Das Bundesverwaltungsgericht hat durch die Richterin Mag.a Gaby WALTNER als Einzelrichterin über die Beschwerde von XXXX,geb. am XXXX, StA. Mazedonien, vertreten durch Dr. Helmut BLUM, Rechtsanwalt, gegen den Bescheid des Bundesamtes für Fremdenwesen und Asyl vom 13.09.2017, Zl. XXXX, betreffend die Erlassung einer Rückkehrentscheidung und eines Einreiseverbots, beschlossen:

A) In Erledigung der Beschwerde wird der angefochtene Bescheid

aufgehoben und die Angelegenheit zur Erlassung eines neuen Bescheids an das Bundesamt für Fremdenwesen und Asyl zurückverwiesen.

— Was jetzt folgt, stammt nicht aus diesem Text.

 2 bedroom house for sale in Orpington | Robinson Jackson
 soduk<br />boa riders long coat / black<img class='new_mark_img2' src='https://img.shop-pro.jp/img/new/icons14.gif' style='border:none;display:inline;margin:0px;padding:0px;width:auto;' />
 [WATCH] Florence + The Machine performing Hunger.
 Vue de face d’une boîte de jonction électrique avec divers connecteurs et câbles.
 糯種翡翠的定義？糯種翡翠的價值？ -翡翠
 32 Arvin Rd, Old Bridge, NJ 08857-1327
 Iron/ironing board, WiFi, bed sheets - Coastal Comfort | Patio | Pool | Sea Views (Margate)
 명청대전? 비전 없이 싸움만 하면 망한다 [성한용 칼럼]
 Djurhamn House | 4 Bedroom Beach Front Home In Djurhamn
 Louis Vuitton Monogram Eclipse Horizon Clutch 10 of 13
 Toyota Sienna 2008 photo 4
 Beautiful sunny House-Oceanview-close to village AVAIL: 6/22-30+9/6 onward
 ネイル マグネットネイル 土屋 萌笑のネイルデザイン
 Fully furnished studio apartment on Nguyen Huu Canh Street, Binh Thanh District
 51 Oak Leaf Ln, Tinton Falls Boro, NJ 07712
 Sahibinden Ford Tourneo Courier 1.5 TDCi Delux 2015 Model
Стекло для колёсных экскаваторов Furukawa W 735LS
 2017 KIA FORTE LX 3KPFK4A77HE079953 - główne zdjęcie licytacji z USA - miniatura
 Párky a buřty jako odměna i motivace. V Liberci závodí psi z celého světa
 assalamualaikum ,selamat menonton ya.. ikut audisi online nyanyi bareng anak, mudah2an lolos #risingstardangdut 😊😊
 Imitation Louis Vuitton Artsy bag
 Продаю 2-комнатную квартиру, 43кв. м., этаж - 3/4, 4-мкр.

B) Die Revision gemäß Art 133 Abs 4 B-VG ist nicht zulässig.

Text

BEGRÜNDUNG:

Verfahrensgang und Sachverhalt:

Anlässlich seiner Verhaftung am XXXX.2017 wurde der Beschwerdeführer (im Folgenden: BF) mit Schreiben des Bundesamtes für Fremdenwesen und Asyl (im Folgenden: BFA) vom 12.05.2017 darüber in Kenntnis gesetzt, dass im Falle einer Verurteilung beabsichtigt wird, aufenthaltsbeenden Maßnahmen zu setzen. Dem BF wurde die Möglichkeit gewährt, sich dazu zu äußern.

Eine entsprechende Stellungnahme langte am 26.05.2017 beim BFA ein. Daraus geht unter anderem hervor, dass der BF im Mai 2015 legal in das Bundesgebiet eingereist sei. Seine Gattin, eine deutsche Staatsbürgerin, lebe in Deutschland.

Mit Urteil des Landesgerichtes XXXX vom 23.08.2017, XXXX, wurde er wegen des Verbrechens des Suchtgifthandels nach § 28a Abs. 1, 5. Fall SMG zu einer Freiheitsstrafe in der Dauer von 18 Monaten verurteilt, wobei ein Teil der Freiheitsstrafe von 12 Monaten unter Bestimmung einer Probezeit von 3 Jahren bedingt nachgesehen wurde.

Mit dem oben angeführten Bescheid wurde gegen den BF gemäß § 52 Abs. 4 FPG iVm § 9 BFA-VG eine Rückkehrentscheidung erlassen (Spruchpunkt I.), gemäß § 52 Abs. 9 FPG die Zulässigkeit der Abschiebung gemäß § 46 FPG nach Mazedonien festgestellt (Spruchpunkt II.), gemäß § 55 Abs. 1 bis 3 FPG eine Frist von zwei Wochen für die freiwillige Ausreise eingeräumt (Spruchpunkt III.), und gemäß § 53 Abs. 1 iVm Abs. 3 Z 1 FPG ein auf die Dauer von fünf Jahren befristetes Einreiseverbot erlassen (Spruchpunkt IV.). Begründend führte das BFA unter anderem aus, dass der BF, welcher über einen Aufenthaltstitel verfügt, die österreichische Rechtsordnung missachtet habe, indem er Suchtgifthandel betrieben und in weiterer Folge dafür gerichtlich verurteilt worden sei. Er weise keinerlei nennenswerte familiäre Bindungen und somit kein schützenwertes Familienleben in Österreich auf. Das Einreiseverbot wurde mit der strafgerichtlichen Verurteilung des BF begründet.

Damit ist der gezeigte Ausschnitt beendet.